» **ASSIGNMENT**
A word-for-word copy of the lines below, starting at the line with "Hansgrohe AddStoris Wandmontage, mattschwarz" and ending at the last one, is what you should give. Omit every picture.

*** THE DATA ***

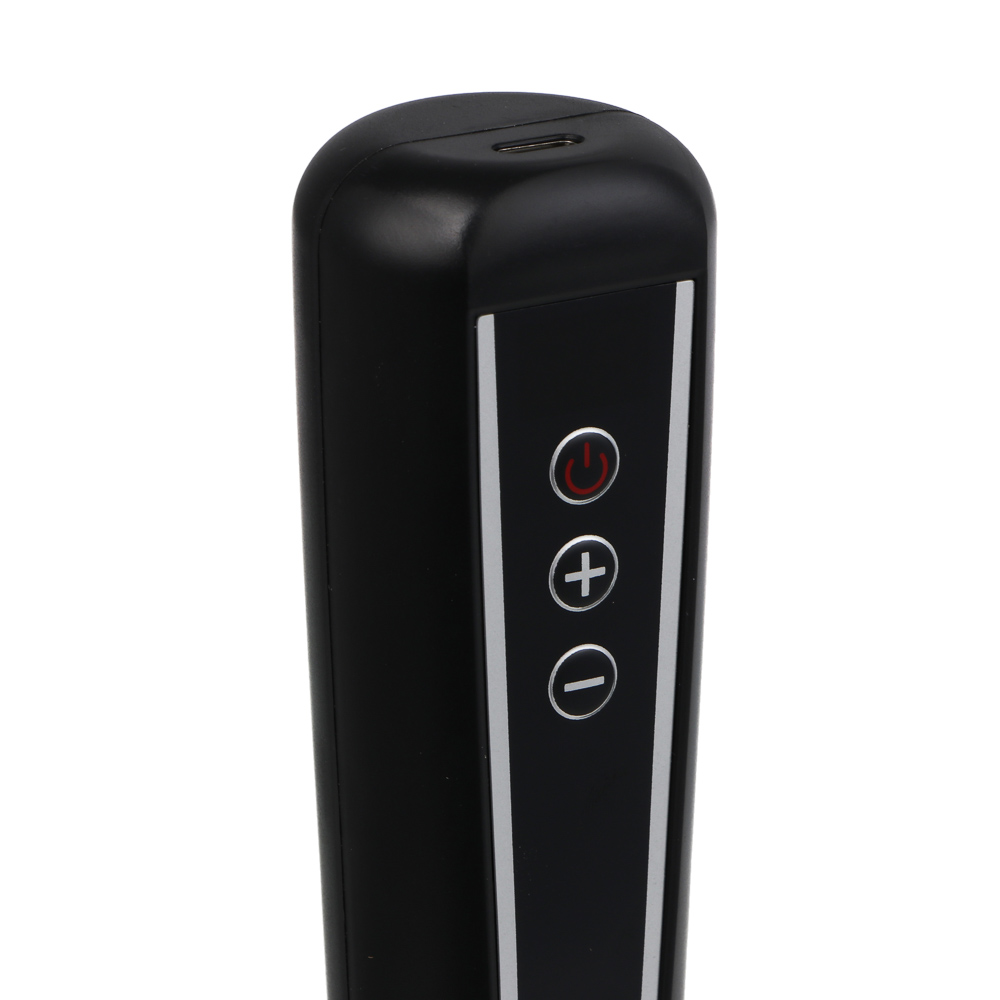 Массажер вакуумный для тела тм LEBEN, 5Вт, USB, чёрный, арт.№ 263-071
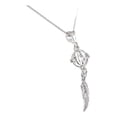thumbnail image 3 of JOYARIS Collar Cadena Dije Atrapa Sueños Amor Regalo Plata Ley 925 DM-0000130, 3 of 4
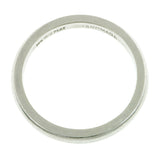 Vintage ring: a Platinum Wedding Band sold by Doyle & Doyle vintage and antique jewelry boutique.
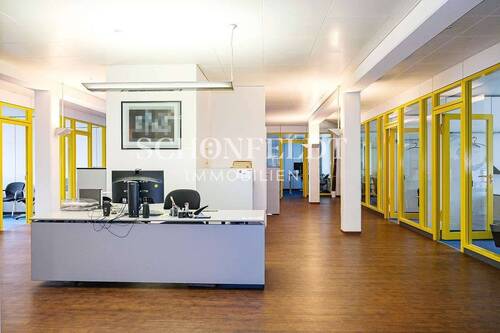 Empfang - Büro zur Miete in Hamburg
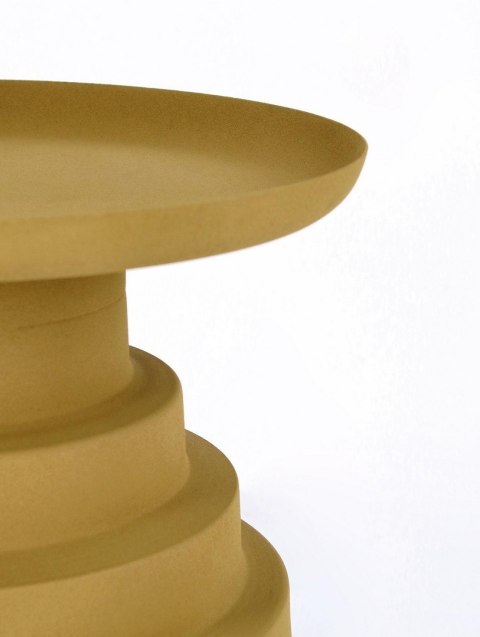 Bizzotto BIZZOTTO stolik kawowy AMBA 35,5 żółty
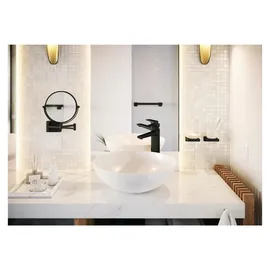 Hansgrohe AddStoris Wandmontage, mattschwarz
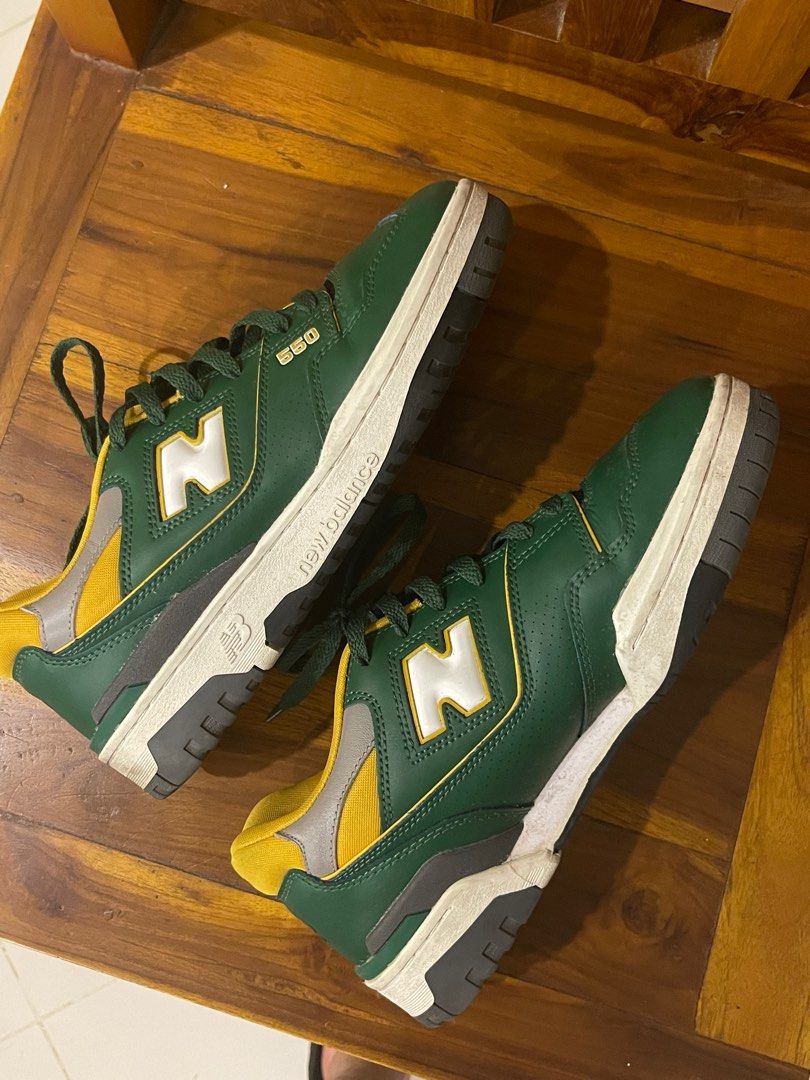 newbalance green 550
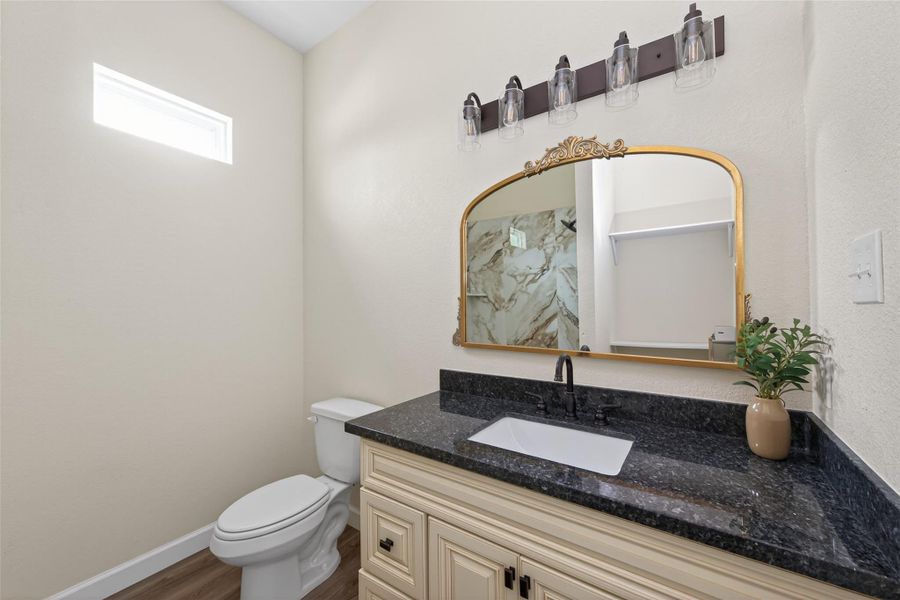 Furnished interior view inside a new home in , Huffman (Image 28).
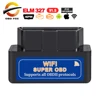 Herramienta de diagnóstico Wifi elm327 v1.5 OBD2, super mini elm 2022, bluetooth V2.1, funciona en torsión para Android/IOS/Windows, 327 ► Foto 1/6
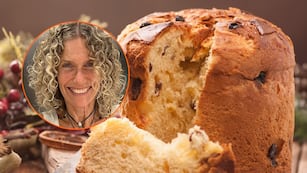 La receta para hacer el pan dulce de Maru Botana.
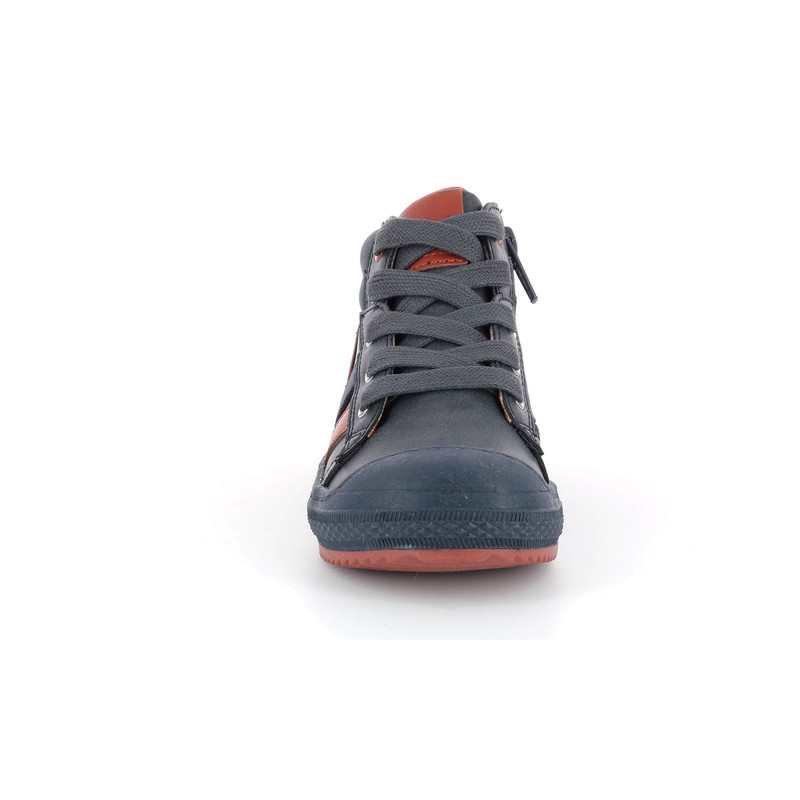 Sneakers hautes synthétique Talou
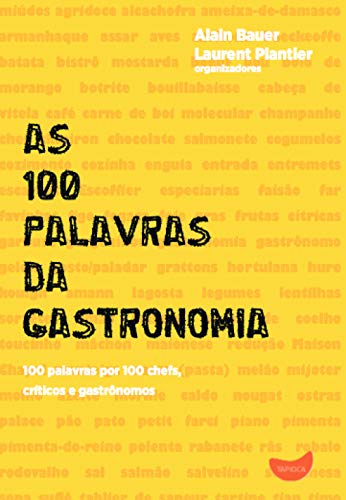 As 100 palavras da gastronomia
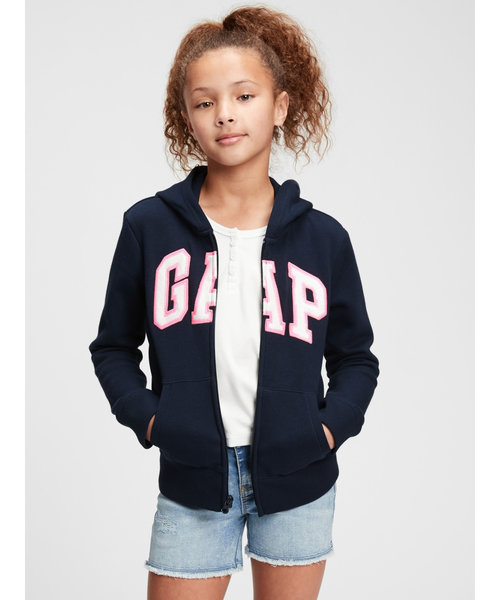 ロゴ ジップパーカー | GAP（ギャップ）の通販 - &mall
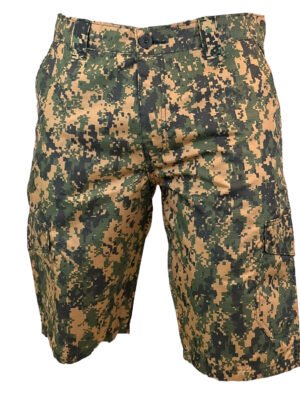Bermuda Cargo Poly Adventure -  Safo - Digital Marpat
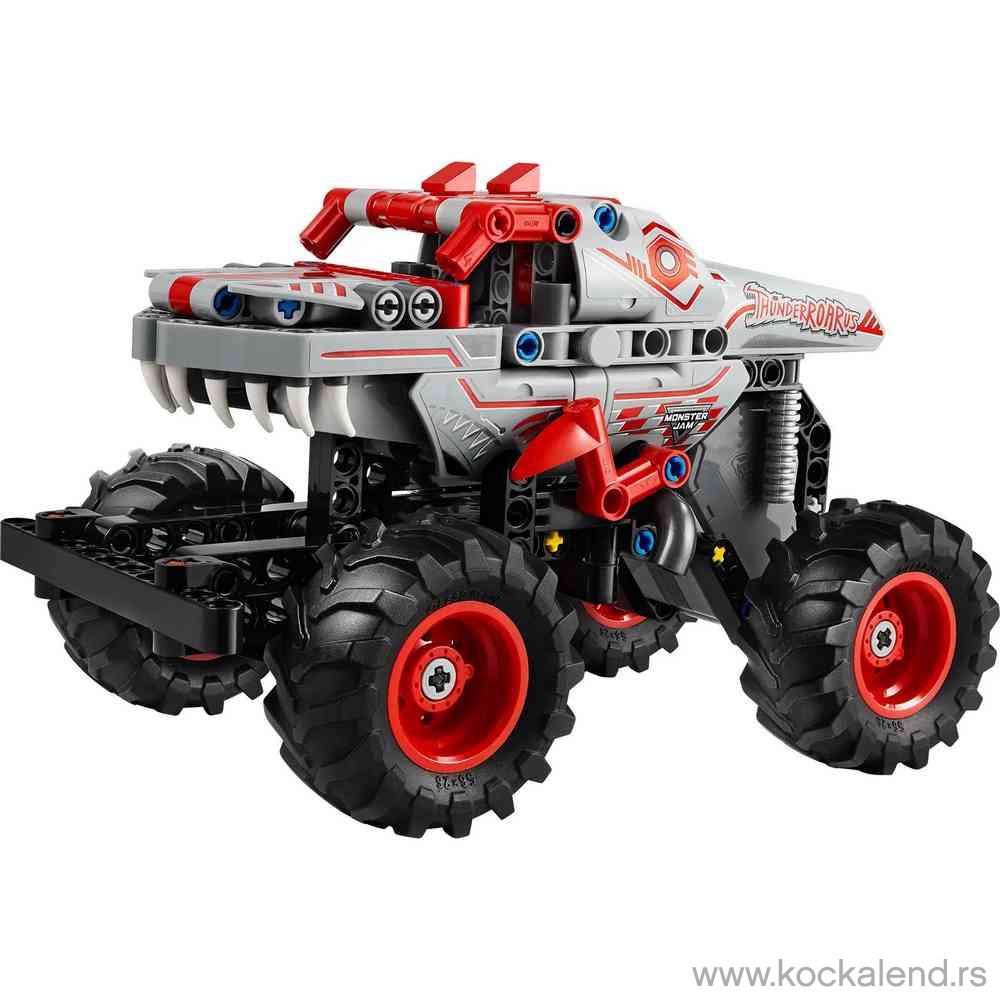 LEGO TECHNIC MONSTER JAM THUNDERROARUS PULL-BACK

*** End of THE DATA ***

» **SOLUTION**
 Hansgrohe AddStoris Wandmontage, mattschwarz
 newbalance green 550
 Furnished interior view inside a new home in , Huffman (Image 28).
 Herramienta de diagnóstico Wifi elm327 v1.5 OBD2, super mini elm 2022, bluetooth V2.1, funciona en torsión para Android/IOS/Windows, 327 ► Foto 1/6
 La receta para hacer el pan dulce de Maru Botana.
 Sneakers hautes synthétique Talou
 As 100 palavras da gastronomia
 ロゴ ジップパーカー | GAP（ギャップ）の通販 - &mall
Bermuda Cargo Poly Adventure -  Safo - Digital Marpat
 LEGO TECHNIC MONSTER JAM THUNDERROARUS PULL-BACK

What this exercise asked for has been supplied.